You’ve been forthright in support of the rights of trans people, which Joe Kent tried to use against you, especially when it came to things like trans women in sports. How did you navigate an issue that proved so difficult for Democrats nationally?
I do not think that is why Democrats lost the presidential race. He tried to come for me on it and it did not work.
Because it wasn’t a priority for your voters?
That’s right. In town halls and things like that, people are talking about, like, Spirit Lake and flooding in the Chehalis River Valley. I think views are nuanced on this, and there is some electoral liability for Democrats, but it’s not an Achilles’ heel.
I’m very intrigued by this new select committee that you and Jared Golden are proposing, which would explore ideas like expanding the House, ranked-choice voting, multimember districts and open primaries. If enacted, some of them, like ranked-choice voting, would probably allow for the emergence of third parties, since candidates could run without acting as spoilers. Multimember districts, in which each district gets several representatives who are elected proportionally, would give a voice to Democrats in solidly red districts and Republicans in solidly blue ones. What is it about your experience in Congress that has convinced you to take on these reforms?
I think 90 percent of Americans really do agree about 90 percent of the issues, and instead we are allowing 10 things to push us into camps that are not going to build a coalition that could actually pass laws. So power continues to accrue to the most senior members and the least representative districts.
The framework here is that it is a bipartisan, equally divided commission that is thinking in large terms about what will deliver the most utility, not something just for a particular area. If we want more normal, working-class people here, we need electoral systems that open the door to more people participating.
I think rural America has not been well served by single-party control, and I also think our current system means that the most bipartisan members in the middle are also the ones who have to fight for their lives every election. That’s a lot of energy, right? It’s exhausting. It’s hard on your family, and it eliminates the deal makers.
You live in a community where Trump won. How many people in your district do you think voted for him because they want him to do the things he promised, like set up immigrant detention camps and use the Justice Department to take revenge on his enemies? And how many do you think voted for him because they don’t believe he’ll do those things?

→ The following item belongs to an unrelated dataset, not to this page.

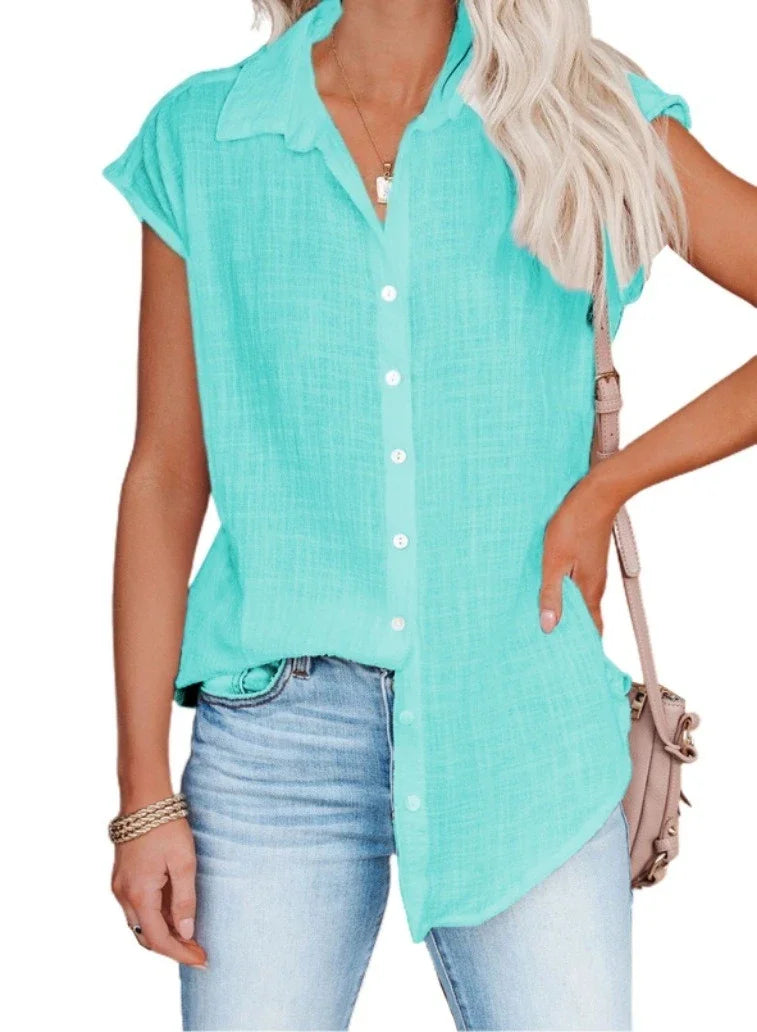 Loose Short Sleeve Casual Shirt | Wovetsa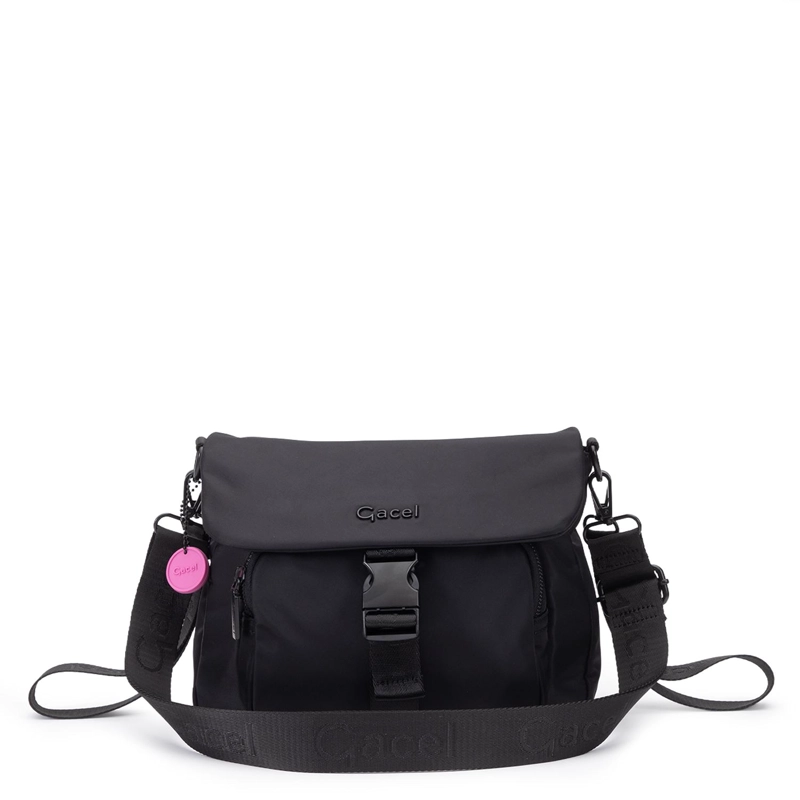 CARTERA MUJER GACEL NEGRO BANDOLERA GRANDE - 1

When you’re fixing a car, right, I would much rather have it make the same noise predictably. Like, it always clunks when I turn left. Whatever it is, a predictable problem is much better than an unpredictable one. And so that confidence that this person is not trying to make themselves acceptable to you. They’re not putting out celebrity surrogates. They’re just showing up, and you can take it or leave it.
It sounds like you’re saying that people felt like Trump offered voters a strange sort of stability. How do you think Democrats could do the same?
A veteran from the younger generation could do a lot to change the image of the Democratic Party. Someone that doesn’t mind upsetting people in the party, that doesn’t mind the elite professionals being mad at them, that knows and respects working people in rural communities. Someone who all the Americans who voted for Trump don’t feel like looks down on them. There are people who voted for Trump who would absolutely vote for Democrats in the future. I don’t know that we know who those people are yet, who those candidates are. But I can speak to the type of person who I think would be more popular in my district, who could maybe even win it. I know it’s not going to be a lawyer.